American electrical engineer

Donald J. Grace (February 21, 1926 – March 15, 2007) was an American Electrical Engineer. Grace was the longest-serving director of the Georgia Tech Research Institute, holding the position from 1976 to 1992.

==Career==
Grace spent most of his early career at Stanford University, where he earned his PhD in electrical engineering in 1962 and was given a joint appointment to the electrical engineering faculty and the Systems and Techniques Laboratory. He rose quickly to become director of the lab and Associate Dean of Engineering at Stanford under Joseph M. Pettit.

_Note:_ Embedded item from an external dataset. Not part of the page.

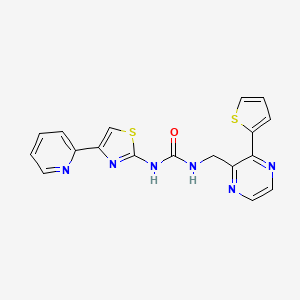 molecular formula C18H14N6OS2 B2417943 1-(4-(Pyridin-2-yl)thiazol-2-yl)-3-((3-(thiophen-2-yl)pyrazin-2-yl)methyl)urea CAS No. 2034496-76-7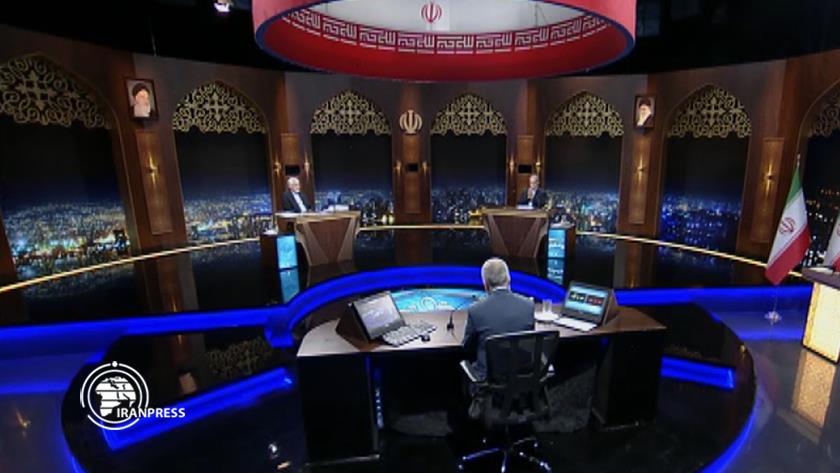 Iranpress: Two Presidential Candidates Present Their Opinions in Debate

In 1969, Grace took a position at the University of Hawaiʻi at Mānoa as the head of the Center for Engineering Research. He accepted the directorship of the Engineering Experiment Station at the Georgia Institute of Technology in 1976, succeeding Maurice W. Long and interim director Thomas E. Stelson. Grace was instrumental in the name change of the Engineering Experiment Station to the Georgia Tech Research Institute in 1984. "We're finally calling ourselves what we evolved into years ago," Grace said upon announcing the change.

During his tenure as director, the dollar value of GTRI's contracts increased by a factor of ten, from $10 million to $100 million. The number of labs increased to more than a dozen, and several new facilities opened, including the Advanced Technology Research Center, the Centennial Research Building and a four-building radar and electronics research center in Cobb County. Grace retired in 1992 in order to care for his wife, Joan, who had a degenerative muscle disease.